Ana Mendieta is Cubana...

Yes, this is well-known...it is right there next to her name in Wikipedia. (Well, it actually says 'Cuban-American' which is not synonymous with my usage of the term, Cuban-American actually referring to first-generation Americans born of Cuban parents). Ana is actually Cuban-born, she just studied, worked and lived most of her life in the U.S.

Regardless, her heritage is no secret and although she described her work as 'earth body' works, her work is unique for its hybridity of media and very often cross-categorized under many art movements of the late 1960s and 70s, namely 'Land Art', 'Earthworks', 'Body Art', 'Performance Art' and 'Feminist Art.' She is perhaps most popularly known for her series titled 'Silueta' or 'Silhouette' in which she leaves a physical tracing or indentation of her body upon the earth's surface. Her work assimilates issues of race, gender, cultural and spiritual identity and although it fits neatly within the definitions of many of the art movements mentioned above, her impetus to creating this type of work is usually not fully stated or perhaps understood. 

But the other day, upon seeing her work, I had an epiphany and put two and two together.
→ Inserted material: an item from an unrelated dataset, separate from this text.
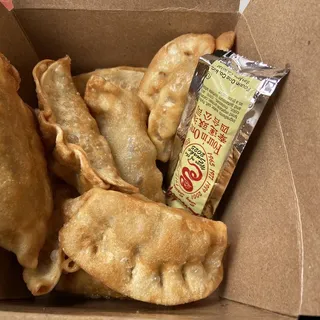 Fried Pork Potstickers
It all of a sudden occurred to me that Ana Mendieta is Cubana! In other words, she isn't Cuban and does this type of work, she does this type of work because she is cuban! This late realization perhaps happened because when I first studied and read about her in art history classes, she was imbedded within the context of art movements.

In 1961, at the age of 12, Mendieta was sent to the US. under the auspices of Operation Pedro Pan. This program between the Catholic Church and the Cuban and American governments separated 14,000 Cuban children from their families and transplanted them in the United States. This program was set up because Cuban parents living on the island did not want their children to grow up under the indoctrination and ideology of Castro's Communist regime and therefore sent them unaccompanied to live in the United States. The program ended when all commercial flights between Cuba and the United States ceased after the Cuban Missile Crisis in 1962. It is still the largest recorded exodus of unaccompanied minors in the western hemisphere.
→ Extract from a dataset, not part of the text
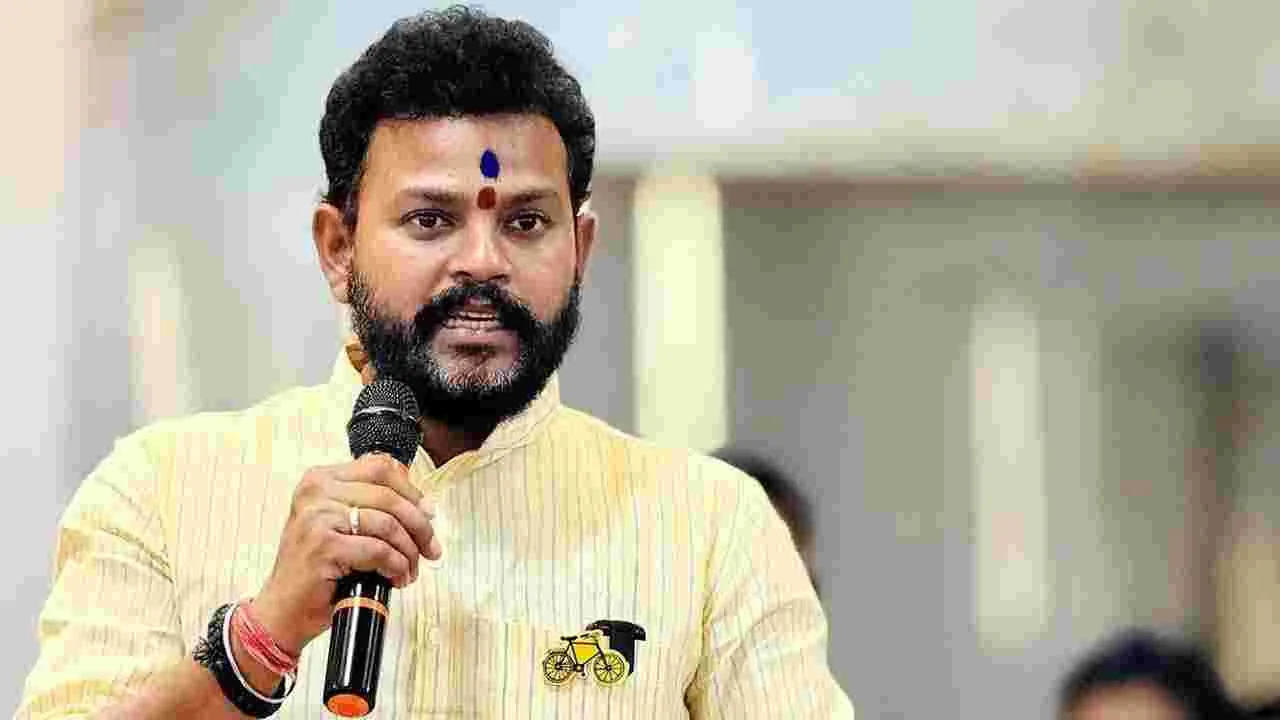 రాజధాని అభివృద్ధికి కేంద్రం పూర్తి సహకారం: రామ్మోహన్ నాయుడు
So at an early age, Ana Mendieta and her sister were torn from her family and homeland and sent to live in foster homes in Iowa. Needless to say this must have been a very traumatizing experience, not simply because of finding oneself in a place without friends and family at a crucial period in one's youth, but one of also complete social and cultural alienation living amongst a foreign language and landscape. 

Once one can empathize with the trauma and alienation something like this may cause during the developmental stages of adolescence, it becomes increasingly clear why Mendieta would choose and execute the work that she did. Her ritualistic relationship with the 'earth' can be attributed with a cathartic exercise of salving a longing for place and tierra. With the series 'Silueta', Ana Mendieta finally becomes 'one' with the tierra she more than likely pined for during her youth. The earth not only symbolizes nature/planet but also family/identity.

We can also see the attributes of this feeling of displacement with her much earlier work the 'self-portraits'. Here she puts on the guises of other identities as a way to communicate and question her true self.

Several examples of Ana Mendieta's 'self-portrait' series which extended to include her donning facial hair and distorting her body.

I now look at Ana Mendieta's work and I no longer see work in which the earth and the artworks are inextricably linked but rather I see work in which identity and the land are.